Nos últimos anos, para além da precariedade laboral em que impera a mão-de-obra barata que nos segrega e atomiza, temos vindo a assistir a uma crescente precarização da habitação no centro da cidade, onde se acrescenta à velha questão «se amanhã teremos trabalho e em que condições» a mais recente novidade «se amanhã teremos casa». Tendo em conta que entre 2013 e 2016 houve um aumento médio das rendas em Lisboa na ordem dos 39% que se traduziu numa renda mensal média de 830€ e que o salário médio líquido em Lisboa ronda os 890€, podemos afirmar que estamos perante uma incomportável taxa de esforço de 93%, bastante acima dos cerca de 30% recomendados.

A brutalidade desta realidade é tão evidente que não só as questões da habitação assumiram um papel de destaque nas campanhas eleitorais de todos os candidatos à Câmara Municipal de Lisboa (CML), como também o Governo se sentiu na obrigação de criar uma Secretaria de Estado da Habitação e delinear a “Nova Geração de Políticas de Habitação”.

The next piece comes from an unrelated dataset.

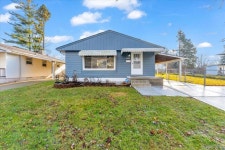4257 8th St, Ecorse, MI 48229 | MLS# 20240094322 | Trulia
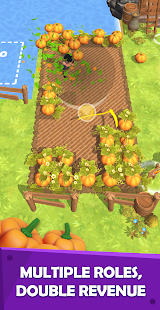 Harvest isle 1.0.5.1 screenshots 7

Este “enorme” esforço governamental e as suas “políticas-travão” parecem no entanto completamente alheadas da realidade. Peguemos nos já conhecidos programas Renda Convencionada e Porta 65 Jovem como dois exemplos da situação estratosférica em que nos encontramos. A mais recente edição do primeiro disponibiliza apenas 14 fogos numa cidade onde a oferta de arrendamento sofreu uma quebra de 75%; em relação ao segundo, apesar de estarem previstas alterações na idade limite a concurso e um aumento orçamental, até agora para se ser elegível com um T2 ou T3 esta renda não pode ultrapassar os 730€ (tendo em conta a taxa de esforço máxima de 60% estipulada). Esta disparidade leva-nos a considerar que estamos perante uma estratégia de cosmética política e eleitoral, que na sua deficiência transparece não só a conivência dos poderes públicos em gerir o caos instalado ao nível da habitação, mas, sobretudo, uma estratégia governamental cuja intenção passa pela criação de oportunidades de negócio e de rentabilidade para diferentes agentes económicos e pela promoção dos vários sectores do mercado, desde o imobiliário e o turístico às indústrias criativas.

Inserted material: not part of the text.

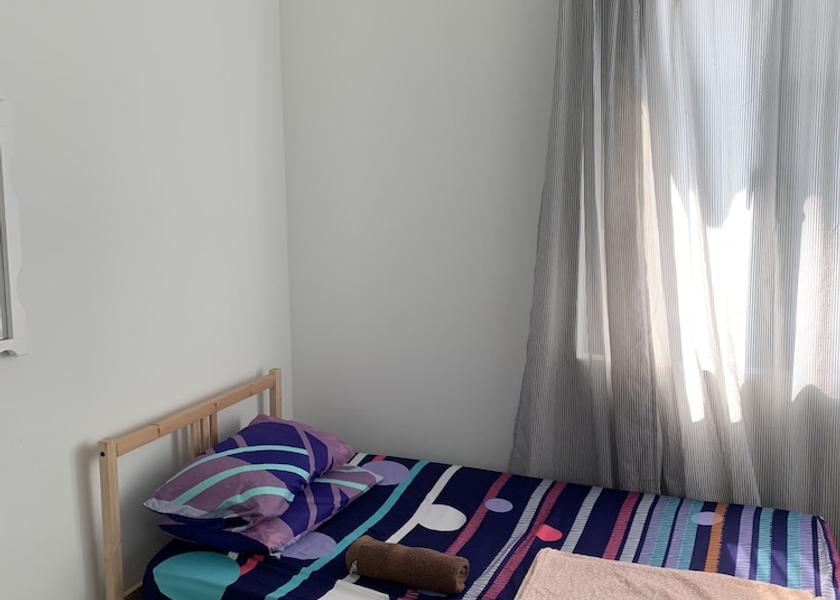 Selangor Kajang Room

Com a entrada do Novo Regime do Arrendamento Urbano (NRAU) em 2013 e a intensificação da indústria do turismo, tem-se vindo a assistir ao reforço da gestão do privado e das suas propriedades com o aval governamental. Posto isto, não importa se a cidade perdeu 26 mil residentes nos últimos anos mas sim continuar a abrir caminho para os fundos imobiliários e acolher o investimento de capital estrangeiro. Afinal, são estes que reabilitam primeiro e pagam depois, que podem pagar materiais e mão-de-obra com IVA reduzido e que gozam de benefícios fiscais no IRS e no IRC, para além da isenção do IMI, do IMT e de taxas municipais. Ou seja, não importa se um grande número de pessoas não apresenta condições económicas para viver na cidade; o que importa é que a cidade apresente condições para que a grande economia viva nela. Neste cenário de precariedade generalizada em grande parte patrocinada pelo capital e pelas consecutivas políticas governamentais e camarárias, a procura de estratégias colectivas de apropriação comum da cidade e da vida surge como uma resposta possível ao isolamento para que somos empurrados pela dinâmica instalada dos poderes público-privados.

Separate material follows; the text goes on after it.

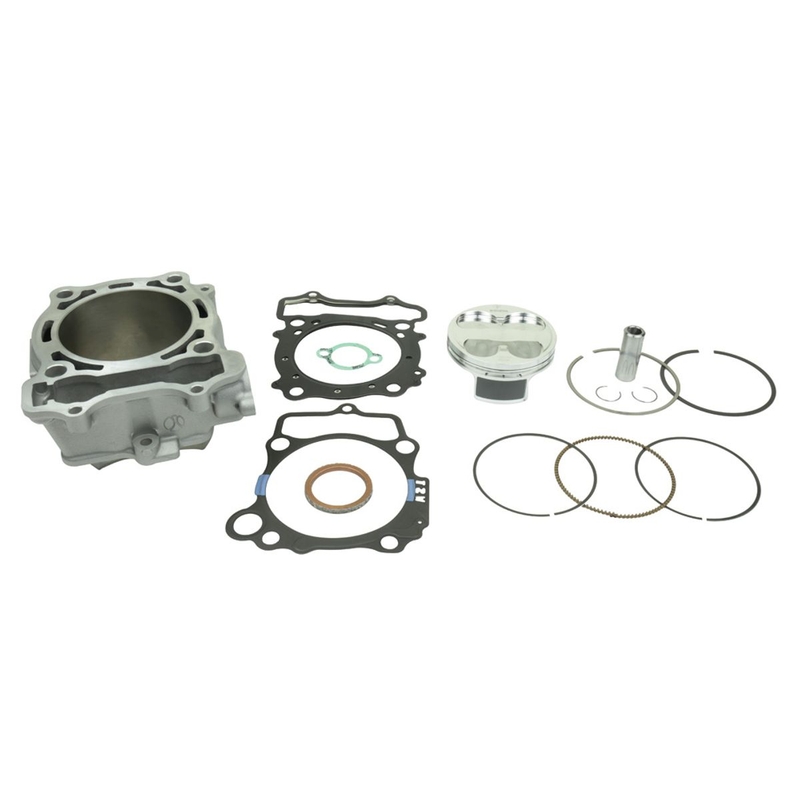 Zylinder Satz ATHENA Big Bore d 81 mm, 276 cc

Foi neste sentido que no dia 15 de Setembro ocupámos o camarário nº 69 da Rua Marques da Silva, que tal como muitos outros (3878 em 2016, segundo a CML) se encontrava totalmente devoluto e ao abandono. Com o apoio das mais diversas pessoas, colectivos e associações, obtivemos os meios que nos possibilitaram estancar o processo de deterioração a que o prédio estava sujeito. Apesar de já termos conseguido impedir que o telhado e as janelas estejam vulneráveis à chuva, tenhamos limpo todo o edifício e recuperado uma série de espaços que têm vindo a servir de base a este novo colectivo, pretendemos que o processo de requalificação do prédio continue. Esta recuperação tem em vista a criação de um lugar de uso comum, num gesto que também procura poder responder a situações urgentes de habitação.

Mas porque nos confrontamos com múltiplas questões que não se resumem à habitação e porque as mudanças não poderão emanar apenas de um projecto, interessa-nos a replicação de processos colectivos, autónomos e organizados que possibilitem a construção de outros lugares de experiência comum.